**Task goal:**
Using the listing below, copy exactly the lines from the one containing "fireplace-172872_640.jpg" to the one containing "NWT Sold out", both lines included, and no others.

**Supplied data:**

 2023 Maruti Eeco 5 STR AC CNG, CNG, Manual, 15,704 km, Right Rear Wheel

* * *

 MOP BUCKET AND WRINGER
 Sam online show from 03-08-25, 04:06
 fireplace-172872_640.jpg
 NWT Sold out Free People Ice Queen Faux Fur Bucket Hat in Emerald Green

**Result of this exercise:**
 fireplace-172872_640.jpg
 NWT Sold out Free People Ice Queen Faux Fur Bucket Hat in Emerald Green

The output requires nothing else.